AI is beginning to take over much of that execution. Vendors increasingly promote security operations platforms that require little human involvement. The promise is compelling. AI can review more data, evaluate more conditions, and operate continuously without the staffing constraints that have traditionally limited security operations. From an execution perspective, the argument is difficult to ignore.
The challenge is that execution and maturity are not the same thing.
An AI system can investigate an alert. It can classify an event. It can recommend a response. What it does not automatically do is improve the process used to reach those conclusions. Most AI systems execute the process they are given. If the process contains inefficiencies, those inefficiencies are repeated at scale. If the process contains weaknesses, those weaknesses are repeated at scale as well.
This creates a problem that is easy to miss during early deployments. Initial results often look impressive because throughput increases and labor requirements decrease. Organizations see more work being completed with fewer people involved. The implementation appears successful because execution has improved. What remains unclear is whether the organization itself is becoming more capable.
Human expertise has traditionally provided the feedback loop that drives maturity. Analysts discover recurring problems. Engineers create better tooling. Teams refine procedures. Over time, reasoning becomes process, and process becomes automation. The organization does not simply perform the work. It improves the way the work is performed.
Most AI systems do not naturally participate in that cycle. They are designed to execute tasks, not evaluate whether the underlying methodology should change. In many cases, AI reaches a conclusion through repeated reasoning rather than through accumulated process improvement.
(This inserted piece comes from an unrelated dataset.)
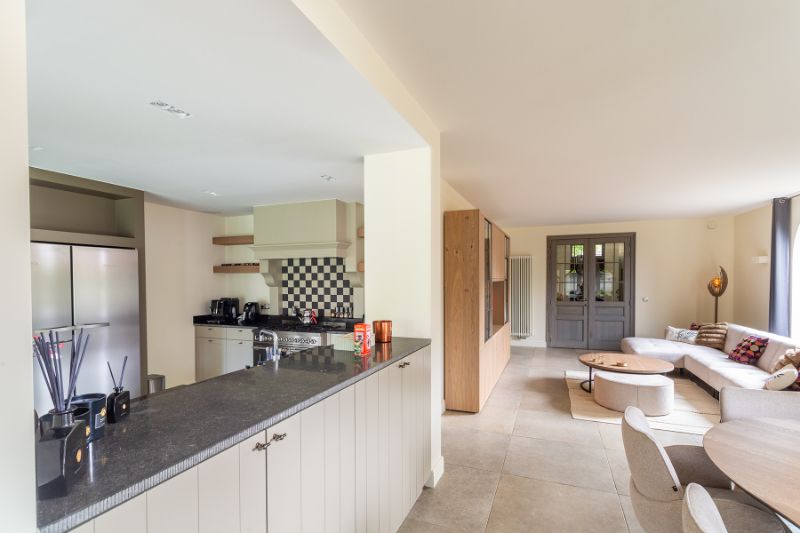 Luxueus afgewerkte villa met een zee van ruimte + bijgebouw , toplocatie! foto 10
The result may be acceptable, but the organization has not necessarily learned anything from the outcome.
This is why the distinction between human-in-the-loop and human-on-the-loop matters. Human-in-the-loop assumes people actively participate in execution. Human-on-the-loop assumes the AI performs the execution while humans evaluate the quality of the outcome and the effectiveness of the process. The responsibility shifts from performing the work to improving the system that performs the work.
That shift may become one of the most important responsibilities in the AI era. Organizations that remove people entirely from the feedback loop risk creating systems that execute efficiently while remaining operationally stagnant. The work continues to get done, but the process itself stops evolving. Scale increases while maturity stalls.
This challenge is closely connected to the emerging concept of token efficiency. AI consumes tokens to reason through problems. Humans consume experience to improve processes. When organizations focus exclusively on replacing labor with token consumption, they often measure only the cost of execution. They fail to measure whether the organization is becoming more capable over time.
The long-term winners in AI will not be the organizations that automate the most work. They will be the organizations that preserve and strengthen the feedback loops that drive maturity. Execution creates scale. Maturity creates progress. An organization that achieves both will improve its economics, improve its quality, and continue improving long after the initial AI deployment is complete.